= Beginning of Section =

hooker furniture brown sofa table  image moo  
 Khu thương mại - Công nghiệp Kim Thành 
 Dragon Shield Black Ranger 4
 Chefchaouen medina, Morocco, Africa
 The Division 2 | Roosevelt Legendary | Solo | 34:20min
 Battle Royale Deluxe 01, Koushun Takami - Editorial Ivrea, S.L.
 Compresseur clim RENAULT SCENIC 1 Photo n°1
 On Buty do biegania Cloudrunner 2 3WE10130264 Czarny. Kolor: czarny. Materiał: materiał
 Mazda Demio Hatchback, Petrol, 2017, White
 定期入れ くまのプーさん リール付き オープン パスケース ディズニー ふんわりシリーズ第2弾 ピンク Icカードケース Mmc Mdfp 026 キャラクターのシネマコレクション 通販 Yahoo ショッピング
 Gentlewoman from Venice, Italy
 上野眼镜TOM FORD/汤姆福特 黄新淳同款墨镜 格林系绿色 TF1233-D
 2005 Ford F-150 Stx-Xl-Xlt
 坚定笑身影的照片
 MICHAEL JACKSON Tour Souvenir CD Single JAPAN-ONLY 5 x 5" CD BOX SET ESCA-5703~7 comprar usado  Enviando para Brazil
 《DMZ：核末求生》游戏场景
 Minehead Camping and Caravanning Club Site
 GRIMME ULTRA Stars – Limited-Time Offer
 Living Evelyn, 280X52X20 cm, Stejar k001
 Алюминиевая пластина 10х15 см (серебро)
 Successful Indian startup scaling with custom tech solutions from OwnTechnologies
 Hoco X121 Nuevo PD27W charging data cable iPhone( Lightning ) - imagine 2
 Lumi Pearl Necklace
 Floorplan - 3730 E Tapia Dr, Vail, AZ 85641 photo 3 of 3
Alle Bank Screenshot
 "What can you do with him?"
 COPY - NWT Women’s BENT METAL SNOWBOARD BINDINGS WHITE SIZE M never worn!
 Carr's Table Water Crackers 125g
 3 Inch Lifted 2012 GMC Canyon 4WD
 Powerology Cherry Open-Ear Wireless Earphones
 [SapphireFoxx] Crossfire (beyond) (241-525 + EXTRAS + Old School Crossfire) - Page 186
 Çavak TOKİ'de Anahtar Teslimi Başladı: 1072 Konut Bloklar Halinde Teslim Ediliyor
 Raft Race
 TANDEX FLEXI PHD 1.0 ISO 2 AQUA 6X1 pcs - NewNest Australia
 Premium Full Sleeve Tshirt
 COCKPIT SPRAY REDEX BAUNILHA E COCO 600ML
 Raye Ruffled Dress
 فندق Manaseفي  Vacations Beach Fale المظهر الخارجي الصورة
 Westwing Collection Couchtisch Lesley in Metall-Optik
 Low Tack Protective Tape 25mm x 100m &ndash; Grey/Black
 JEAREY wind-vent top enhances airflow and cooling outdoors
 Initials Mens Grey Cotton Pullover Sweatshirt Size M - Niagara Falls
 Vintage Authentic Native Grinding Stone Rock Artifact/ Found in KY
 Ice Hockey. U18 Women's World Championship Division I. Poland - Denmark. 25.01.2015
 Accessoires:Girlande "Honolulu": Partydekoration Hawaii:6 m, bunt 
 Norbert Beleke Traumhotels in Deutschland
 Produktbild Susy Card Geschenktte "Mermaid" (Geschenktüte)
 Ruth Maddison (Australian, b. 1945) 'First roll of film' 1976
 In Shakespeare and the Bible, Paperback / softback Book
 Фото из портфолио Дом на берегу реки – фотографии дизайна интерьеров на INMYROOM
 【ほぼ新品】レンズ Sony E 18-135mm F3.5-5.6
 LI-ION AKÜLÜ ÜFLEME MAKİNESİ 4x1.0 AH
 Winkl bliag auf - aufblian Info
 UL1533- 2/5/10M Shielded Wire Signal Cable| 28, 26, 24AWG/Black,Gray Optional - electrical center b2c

= End of Section =

Your assignment
Restate word for word the entries above, starting at the line with "Carr's Table Water Crackers 125g" and ending at the line with "Vintage Authentic Native", inclusive, and no others.

Answer space
 Carr's Table Water Crackers 125g
 3 Inch Lifted 2012 GMC Canyon 4WD
 Powerology Cherry Open-Ear Wireless Earphones
 [SapphireFoxx] Crossfire (beyond) (241-525 + EXTRAS + Old School Crossfire) - Page 186
 Çavak TOKİ'de Anahtar Teslimi Başladı: 1072 Konut Bloklar Halinde Teslim Ediliyor
 Raft Race
 TANDEX FLEXI PHD 1.0 ISO 2 AQUA 6X1 pcs - NewNest Australia
 Premium Full Sleeve Tshirt
 COCKPIT SPRAY REDEX BAUNILHA E COCO 600ML
 Raye Ruffled Dress
 فندق Manaseفي  Vacations Beach Fale المظهر الخارجي الصورة
 Westwing Collection Couchtisch Lesley in Metall-Optik
 Low Tack Protective Tape 25mm x 100m &ndash; Grey/Black
 JEAREY wind-vent top enhances airflow and cooling outdoors
 Initials Mens Grey Cotton Pullover Sweatshirt Size M - Niagara Falls
 Vintage Authentic Native Grinding Stone Rock Artifact/ Found in KY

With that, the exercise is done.